Berlin. Vor exakt 80 Jahren teilten die späteren Siegermächte des Zweiten Weltkriegs Europa unter sich auf. Passiert jetzt gerade das Gleiche?

Vor fast genau 80 Jahren trafen sich drei ältere Herren im Kurort Jalta auf der damals sowjetischen Halbinsel Krim und teilten innerhalb weniger Tage große Teile des östlichen Europas neu auf. Es waren dies der US-Präsident Franklin D. Roosevelt, der britische Premierminister Winston Churchill und ihr Gastgeber, der sowjetische Machthaber Josef Stalin.

Vom 4. bis zum 11. Februar 1945 berieten die Anführer der gegen Deutschland kämpfenden Alliierten in einem ehemaligen Sommerpalast der Zaren über die Ordnung, die nach der kurz bevorstehenden Niederlage von Hitlers Truppen in Europa herrschen sollte.
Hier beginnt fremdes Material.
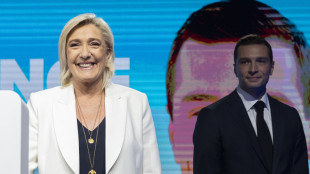 Francia: Le Pen, se vinciamo un 'governo di unità nazionale'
Manche fühlen sich an diese Konferenz der „Großen Drei“ erinnert, wenn sich nun der russische Präsident Wladimir Putin und sein amerikanischer Kollege Donald Trump anschicken, über die Zukunft der Ukraine nach einem bald angestrebten Waffenstillstand zu beraten.

Winston Churchill, Franklin Roosevelt, Josef Stalin
Winston Churchill, Franklin Roosevelt und Josef Stalin in Jalta. © picture alliance / AP Photo | Uncredited

Die drei von Jalta entwarfen am Reißbrett, wie sie sich die künftige europäische Landkarte vorstellten. Es war eine echte Siegerkonferenz, auf der die Interessen des kurz vor der Kapitulation stehenden Aggressors Deutschland praktische keine Rolle spielten. Das Gleiche galt aber auch für zahlreiche osteuropäische Staaten, die von Deutschland überfallen worden waren und nun erleben mussten, wie ohne sie über ihre Zukunft entschieden wurde. Es handelte sich für sie um einen Diktatfrieden, ein Begriff, der auch heute in den Debatten um die Beendigung des Ukraine-Krieges fällt. Trotz mancher augenscheinlicher Parallelen zwischen den damaligen und den heutigen Entwicklungen im Osten Europas sind sie dennoch nicht wirklich zu vergleichen – außer der Tatsache, dass einige mächtige Männer beanspruchen, den Weg der Geschichte an einem entscheidenden Punkt zu bestimmen.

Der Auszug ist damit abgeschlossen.